**Work instructions:** Reproduce the listing word for word. Skip any image.

**Supplied data:**
BEGIN

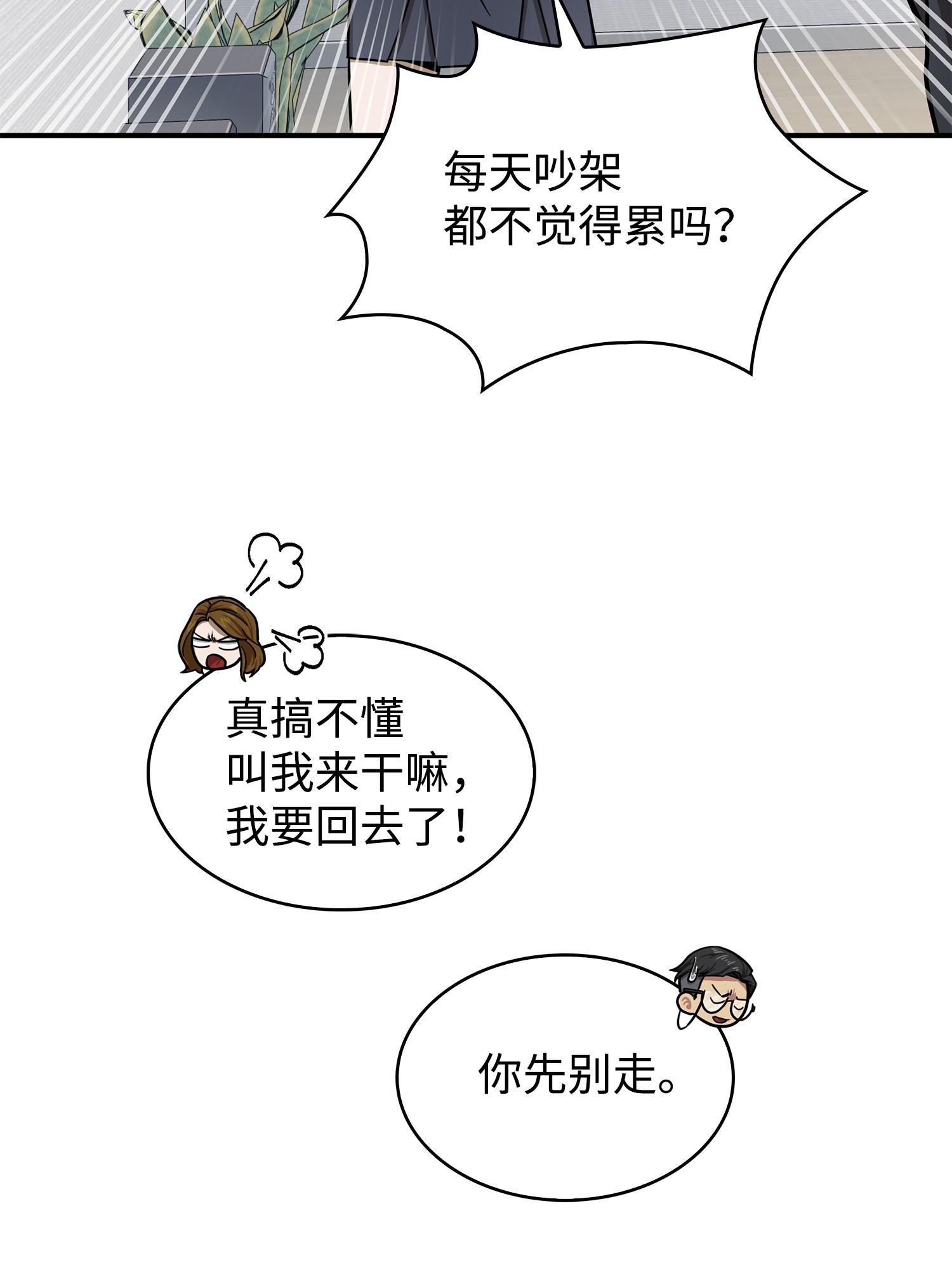 176 父慈子孝10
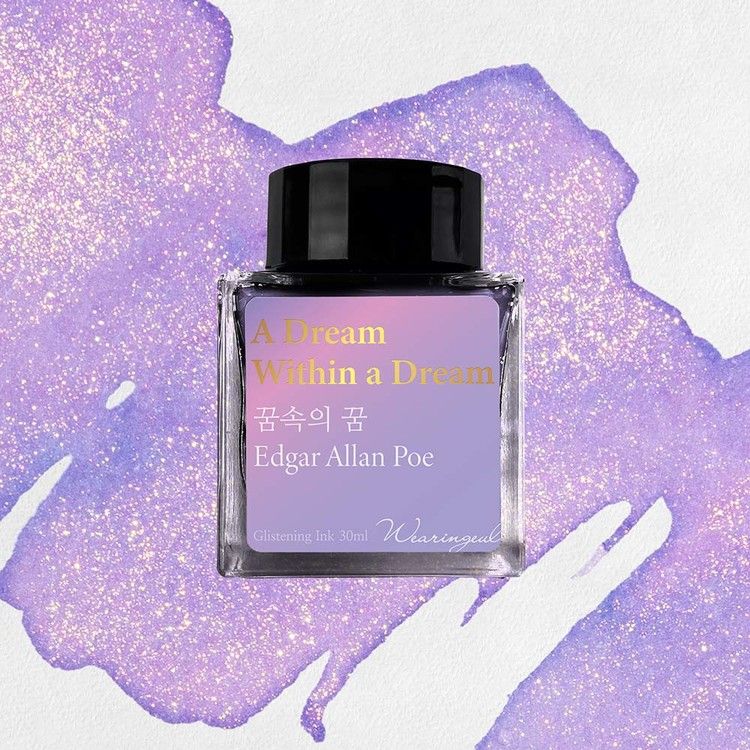 Wearingeul A Dream Within A Dream (Edgar Allan Poe) Bottled Ink (30ml)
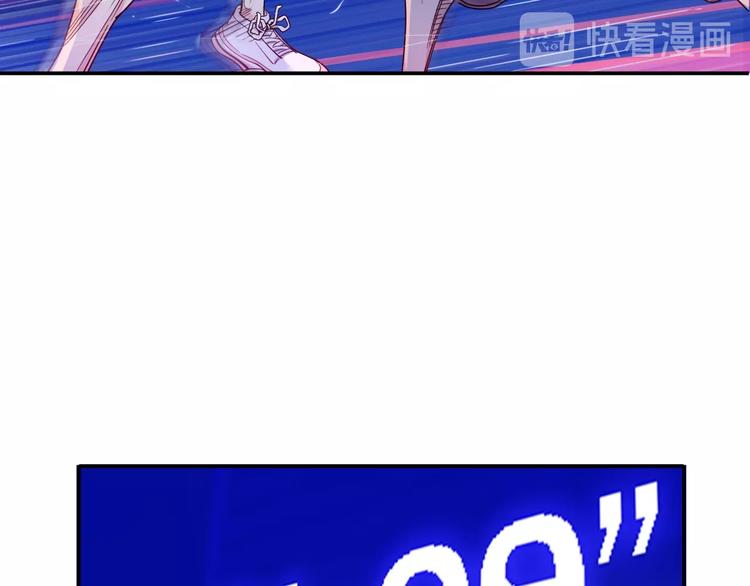第65话  最好的球员（下）158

END

**Problem solution:**
 176 父慈子孝10
 Wearingeul A Dream Within A Dream (Edgar Allan Poe) Bottled Ink (30ml)
第65话  最好的球员（下）158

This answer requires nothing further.